David Allan Stewart (born 9 September 1952) is an English musician, songwriter and record producer, best known for Eurythmics, his successful professional partnership with Annie Lennox. Sometimes credited as David A. Stewart, he won Best British Producer at the 1986, 1987 and 1990 Brit Awards. Stewart (along with Lennox) was inducted into the Songwriters Hall of Fame in 2020 and the duo were inducted into the Rock and Roll Hall of Fame in 2022. Outside of Eurythmics, Stewart has written and produced songs for artists such as Ringo Starr, Stevie Nicks, Mick Jagger and Tom Petty.

Early life
Stewart was born in Sunderland, England, in 1952 and he attended Barnes Infants and Junior School and Bede Grammar School for Boys. Whilst still in his teens, he secured a record deal as part of folk-rock band Longdancer. Despite being signed to Elton John's record label, The Rocket Record Company, they did not achieve commercial success. He also collaborated with Brian Harrison to produce an EP on the Sunderland Multicord label (label number MULT-SH-1, producer Ken McKenzie), recording two songs ("Girl" and "Green She Said") from a school musical production written by teacher Dick Bradshaw, one traditional number ("A Blacksmith Courted Me") and a song written by Dave and Brian ("Deep December"). After leaving Wearside Stewart spent several years living in squats in London. In late 1976, he was introduced to Annie Lennox by Paul Jacobs. Soon, Stewart and Lennox became romantically involved. By 1977, the pair had teamed up with Sunderland musician Peet Coombes, releasing a single on Logo Records as The Catch. The band then developed into The Tourists who enjoyed modest success, including a hit in 1979 with a cover of the Dusty Springfield hit "I Only Want to Be with You".

Eurythmics 

The Tourists split up in 1980, as did Stewart and Lennox, though the pair continued to work together. They formed a new musical project named Eurythmics. After a string of hit singles and albums, the duo split in 1990, but reunited in 1999 for the album Peace and another world tour. Lennox and Stewart worked together again in 2005, recording two new tracks for the greatest hits package Ultimate Collection, released to coincide with Eurythmics' 25th anniversary.

Post-Eurythmics

When Eurythmics dissolved in 1990, Stewart moved to France and immediately released an album with his new band, The Spiritual Cowboys. The song "Party Town" was featured in the 1990 film Flatliners. A second album followed in 1991. Both records went Gold in France, where Stewart concentrated his efforts.
 
In 1992, Stewart collaborated with singer Terry Hall (formerly of The Specials, The Fun Boy Three and The Colourfield) on the project Vegas. The duo released one self-titled album but this was commercially unsuccessful, though one of the singles from the album ("Possessed") made the UK Top 40.
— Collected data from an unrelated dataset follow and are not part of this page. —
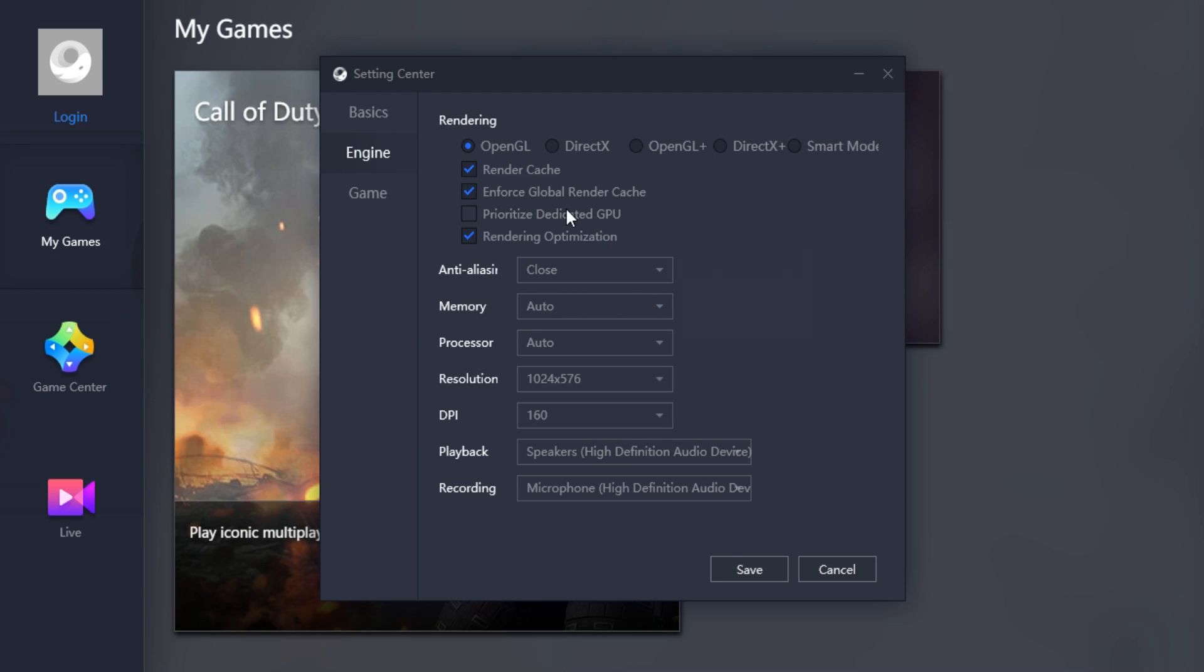So I do recommend you disable this option. And also, if you don't have a dedicated GPU, then you don't want to enable it anyway.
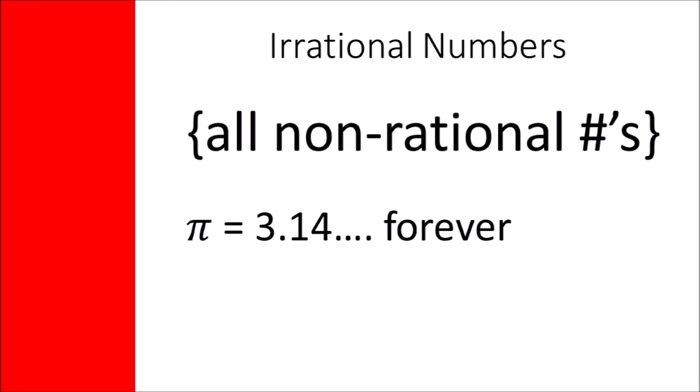Irrational numbers are the numbers that are not rational, such as pi, which expressed as a decimal, does not terminate or repeat.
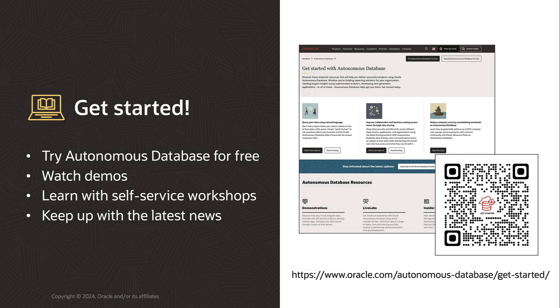For more information, go to the Getting Started page for Autonomous Database. You'll find pointers to great blogs, demos, hands-on workshops, and more.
In 1993, Stewart appeared in an Apple Inc. advertisement for the Power Macintosh in which he riffed on the word "power". He also had a small cameo as a computer hacker in the 1995 film Hackers.
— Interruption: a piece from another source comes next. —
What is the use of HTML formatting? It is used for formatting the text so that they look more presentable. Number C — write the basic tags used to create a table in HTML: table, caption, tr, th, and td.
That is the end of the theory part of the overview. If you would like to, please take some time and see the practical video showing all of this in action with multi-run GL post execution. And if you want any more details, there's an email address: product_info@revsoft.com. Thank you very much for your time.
In 1994, Stewart released a solo album, Greetings from the Gutter. The album was not a commercial success, though Stewart scored a minor UK hit with the single "Heart Of Stone" which reached number 36. He then released another album, Sly-Fi, first on the internet.

In 1995, Stewart appeared in an advert for BT in which he sung the track 'Secrets' which was made specifically for BT to be used in the advert.

In 1997, Stewart released an album Come Alive with the actress and singer Rhona Mitra. In 1999, he produced a second album, Female Icon.

In November 2002, Stewart worked with former South African president Nelson Mandela. Stewart came up with the idea of turning Mandela's prison number into a telephone number then wrote and recorded songs with Paul McCartney, Bono and Edge and various others that you could only hear if you dialled this number and whilst listening you were donating. He then began organising the 46664 campaign and series of concerts in the fight against HIV/AIDS in South Africa.

In 2007, Stewart announced on his MySpace page that he would be playing live concerts showcasing his entire career. According to the announcement, he was to be accompanied by various guest musicians as well as a 30-piece orchestra. Additionally, Stewart has stated that for the first time in many years, he has been writing new songs on his guitar, although he had no plans at that time for a new solo album.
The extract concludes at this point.